* What this task involves *
After finding the line with "Produktbild von NAILCUT" in the entries below, retype exactly each line from there through the line with "Customized Men Golf", including that final line.

[[ Provided information, beginning ]]

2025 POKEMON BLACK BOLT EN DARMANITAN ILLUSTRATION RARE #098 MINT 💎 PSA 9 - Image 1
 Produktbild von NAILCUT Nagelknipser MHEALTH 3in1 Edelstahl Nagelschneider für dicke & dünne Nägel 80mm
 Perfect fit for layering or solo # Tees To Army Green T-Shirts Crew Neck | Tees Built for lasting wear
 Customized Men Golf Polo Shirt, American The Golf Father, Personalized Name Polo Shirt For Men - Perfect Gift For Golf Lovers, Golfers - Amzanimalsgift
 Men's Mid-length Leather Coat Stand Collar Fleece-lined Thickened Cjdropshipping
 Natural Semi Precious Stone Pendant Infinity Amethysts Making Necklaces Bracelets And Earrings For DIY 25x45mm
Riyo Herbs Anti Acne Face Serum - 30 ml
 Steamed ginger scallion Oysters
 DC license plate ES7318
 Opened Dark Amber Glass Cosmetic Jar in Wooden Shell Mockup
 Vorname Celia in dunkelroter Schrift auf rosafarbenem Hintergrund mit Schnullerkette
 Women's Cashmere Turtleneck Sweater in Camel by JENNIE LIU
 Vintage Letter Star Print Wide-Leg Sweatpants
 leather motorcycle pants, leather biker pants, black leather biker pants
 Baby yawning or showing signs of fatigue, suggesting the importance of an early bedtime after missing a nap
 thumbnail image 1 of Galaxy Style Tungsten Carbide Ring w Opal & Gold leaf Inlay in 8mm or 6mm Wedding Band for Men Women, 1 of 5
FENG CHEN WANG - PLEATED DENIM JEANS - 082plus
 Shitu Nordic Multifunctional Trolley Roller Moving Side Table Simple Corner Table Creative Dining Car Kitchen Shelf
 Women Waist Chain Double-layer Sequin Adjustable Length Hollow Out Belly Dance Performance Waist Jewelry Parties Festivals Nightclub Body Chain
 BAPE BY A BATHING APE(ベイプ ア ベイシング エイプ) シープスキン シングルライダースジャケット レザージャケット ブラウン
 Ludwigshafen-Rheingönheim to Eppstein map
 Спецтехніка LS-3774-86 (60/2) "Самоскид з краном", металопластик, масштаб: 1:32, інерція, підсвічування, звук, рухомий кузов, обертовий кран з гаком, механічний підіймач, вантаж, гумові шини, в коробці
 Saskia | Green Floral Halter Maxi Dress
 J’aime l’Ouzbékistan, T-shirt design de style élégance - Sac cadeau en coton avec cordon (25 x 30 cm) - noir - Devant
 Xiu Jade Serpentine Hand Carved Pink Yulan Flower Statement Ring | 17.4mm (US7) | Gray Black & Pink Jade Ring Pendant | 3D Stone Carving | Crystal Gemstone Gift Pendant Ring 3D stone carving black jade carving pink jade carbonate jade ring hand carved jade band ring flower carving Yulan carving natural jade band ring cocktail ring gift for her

[[ Provided information, end ]]

* Task solution *
 Produktbild von NAILCUT Nagelknipser MHEALTH 3in1 Edelstahl Nagelschneider für dicke & dünne Nägel 80mm
 Perfect fit for layering or solo # Tees To Army Green T-Shirts Crew Neck | Tees Built for lasting wear
 Customized Men Golf Polo Shirt, American The Golf Father, Personalized Name Polo Shirt For Men - Perfect Gift For Golf Lovers, Golfers - Amzanimalsgift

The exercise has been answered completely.